■ **REQUIREMENT**: Would you copy each line of the data below that has "Floral"?
(Beginning of DATA SUPPLIED)
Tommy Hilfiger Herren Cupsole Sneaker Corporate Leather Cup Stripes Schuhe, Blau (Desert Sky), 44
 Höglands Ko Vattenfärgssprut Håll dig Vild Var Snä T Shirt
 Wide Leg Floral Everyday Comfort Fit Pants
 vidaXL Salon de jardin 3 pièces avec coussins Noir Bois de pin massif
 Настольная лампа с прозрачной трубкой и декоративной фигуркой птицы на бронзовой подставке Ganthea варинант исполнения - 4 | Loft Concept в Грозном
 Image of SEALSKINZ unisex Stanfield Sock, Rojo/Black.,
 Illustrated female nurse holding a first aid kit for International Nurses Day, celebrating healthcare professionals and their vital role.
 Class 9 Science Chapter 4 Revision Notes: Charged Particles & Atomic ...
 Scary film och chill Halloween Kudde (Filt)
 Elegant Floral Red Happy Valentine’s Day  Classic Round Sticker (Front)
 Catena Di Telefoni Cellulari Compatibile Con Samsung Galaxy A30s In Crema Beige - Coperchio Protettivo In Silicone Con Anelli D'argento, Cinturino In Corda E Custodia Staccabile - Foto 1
(End of DATA SUPPLIED)
■ **YOUR RESPONSE**:
 Wide Leg Floral Everyday Comfort Fit Pants
 Elegant Floral Red Happy Valentine’s Day  Classic Round Sticker (Front)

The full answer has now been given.